NFT : projet de loi JONUM, les jeux Web3 en danger ?
Le gaming web3 est-il mort-vivant ? Nous en parlions brièvement dans cet article, le projet de loi visant à définir le régime « JONUM » vient d’être adopté à l’Assemblée Nationale.
Si vous suivez régulièrement les actualités qui entourent notre secteur, vous n’aurez pas échappé au bruit que ce texte a généré.
Mais d’où vient-il et quelles en seront réellement les conséquences ?
Les origines de cette nouvelle loi encadrant les jeux-vidéo Web3
Vous le savez, les NFT (non-fongible tokens) avaient été volontairement écartés des précédentes évolutions législatives visant les cryptos. Ils étaient d’ailleurs les grands absents du règlement européen MICA.
Mais, voici nos jetons non fongibles rattrapés par la patrouille et par le projet de loi visant à Sécuriser et Réguler l’Espace Numérique (SREN).
Ce projet de loi a été adopté très majoritairement par les députés et contient un article 15 que la communauté a affectueusement baptisé « amendement Sorare » en référence à la plateforme qui succède aux albums Panini.
Avant d’entrer plus en détail dans ce qu’est effectivement le régime JONUM issu de cet article 15, il est important de rappeler que la loi SREN ne vise pas que les NFT, loin de là.
SREN, la loi qui sonne la S(i)REN d’alarme pour l’anonymat ?
Au prétexte (louable au demeurant) de venir lutter contre les contenus pédopornographiques et l’accès jugé trop aisé par les mineurs à la pornographie, le texte impose une censure administrative des sites qui ne répondent pas aux exigences de vérifications de l’âge de leurs utilisateurs.
Une censure a priori que beaucoup estiment dangereuse pour les libertés individuelles.
Ce même projet de loi « SREN » met en avant une censure incluse directement dans les navigateurs Internet afin de bloquer l’accès à des sites identifiés comme étant des arnaques.
Là encore, où s’arrête la protection du citoyen et où commence la mise sous silence de propos ou de paroles dissidentes ?
Vous l’aurez compris, l’adoption de ce texte de loi s’inscrit dans un climat qui souffle le froid sur l’anonymat et la liberté d’expression.
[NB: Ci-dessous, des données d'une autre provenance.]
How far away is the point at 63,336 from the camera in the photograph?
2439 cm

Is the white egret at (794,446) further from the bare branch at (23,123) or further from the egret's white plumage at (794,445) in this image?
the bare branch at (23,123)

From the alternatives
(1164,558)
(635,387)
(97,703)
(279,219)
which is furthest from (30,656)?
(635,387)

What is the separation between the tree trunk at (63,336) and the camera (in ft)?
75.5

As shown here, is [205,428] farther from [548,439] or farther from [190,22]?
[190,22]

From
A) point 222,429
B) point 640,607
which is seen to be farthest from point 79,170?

Un climat de confusion et d’amalgames qui apparaît dangereux à ceux à qui importe le respect de la vie-privée et que nous dénoncions d’ailleurs dans cet article dédié.
Détaillons le régime JONUM dédié aux jeux WEB3
Que prévoit donc ce fameux article 15 ?
Il commence tout d’abord par définir ce que sont les « Jeux à objets numériques monétisables » (JONUM)
Constituent des objets numériques monétisables (…), à l’exclusion des actifs numériques relevant du 2° de l’article 54-10-1 du code monétaire et financier, les éléments de jeu qui confèrent aux seuls joueurs un ou plusieurs droits associés au jeu, et qui sont susceptibles d’être cédés, directement ou indirectement, à titre onéreux à des tiers.
Projet de loi SREN – Article 15 régime JONUM
L’objectif du texte de loi est plutôt simple : éviter que les jeux « Web3 » ne se transforment en casino à ciel ouvert et protéger les investisseurs, surtout les utilisateurs mineurs.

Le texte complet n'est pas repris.